Trapattoni provoca l'Italia: "Per me Cassano è da Nazionale"

Conferenza in tre lingue del ct dell'Irlanda: «Sarà come Davide contro Golia»

«I’m the boss». Il capo è Giovanni Trapattoni, la scritta sulle t-shirt verdi che colorano via Sparano e dintorni. Obama o San Pancrazio, il Trap è la guida di una nazione che guarda al football con il sorriso di un tecnico italiano e lo paragona al presidente americano o un santo protettore. «Nella vita ci sono tre certezze come diceva un famoso filosofo. Si nasce, si muore e si cambia: io cambio», puntuale arriva la citazione di chi, a 70 anni, ha scelto di rimettersi in movimento. Trapattoni è accerchiato, quasi soffocato, perché il suo è un ritorno che fa notizia. Il filo che lega il Trap all’Italia è lungo una carriera se lui giura che «non sbaglierò l’inno perché mi emoziona anche quello irlandese». Moduli, uomini, scaramanzia: il condottiero con la bacheca più ricca continua a raccontare Italia-Irlanda come la sfida fra «Davide contro Golia» spiegando, però: «In carriera spesso mi sono trovato nelle vesti del più debole, ma alla fine ho vinto».

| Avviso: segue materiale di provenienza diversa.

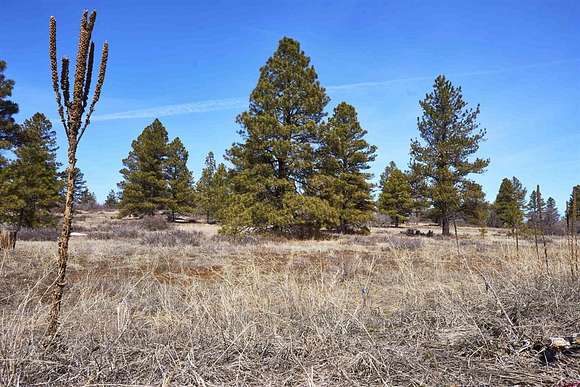 0.3 Acres of Residential Land for Sale in Pagosa Springs, Colorado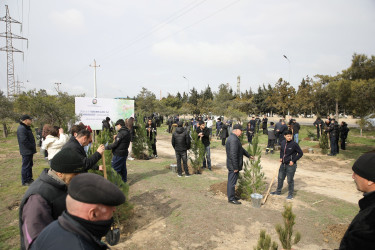 Nizami rayonunda “Şəhərsalma və Memarlıq İli” çərçivəsində ağacəkmə aksiyası keçirilib - 07.03.2026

Tutto e il suo contrario, questo il copione recitato dal Trap, attento e calibrato nelle risposte per non apparire troppo italiano o troppo lontano dalla sua storia. Ma, quando in scena entra Cassano lascia da parte iperboli e giri di parole. «Se il pubblico dovesse fischiare l’Italia per noi non cambierebbe niente. Una nostra vittoria sarebbe un’impresa e, se anche dovesse accadere, gli azzurri finirebbero per qualificarsi lo stesso», sussurra il timoniere d’Irlanda. La tuta è quella sociale, il verde e il bianco si incrociano come le sfide di Trapattoni. Cassano è una presenza ingombrante, lo è stata fin dal giorno in cui Lippi ha disegnato la lista dei convocati per le tappa in Montenegro e per quella di stasera. Un’ombra che, ai tempi del Trap ct, si trasformò in magie ed applausi in campo. «Ho fatto debuttare Antonio in Nazionale, era giovane, doveva maturare. L’ho trattato come un figlio e lui mi ripagato: in Portogallo, nel 2004, mi ha dato tutto, lacrime e giocate. È un grande calciatore, lo sta dimostrando, ma le scelte degli altri allenatori vanno sempre rispettate», così Trapattoni.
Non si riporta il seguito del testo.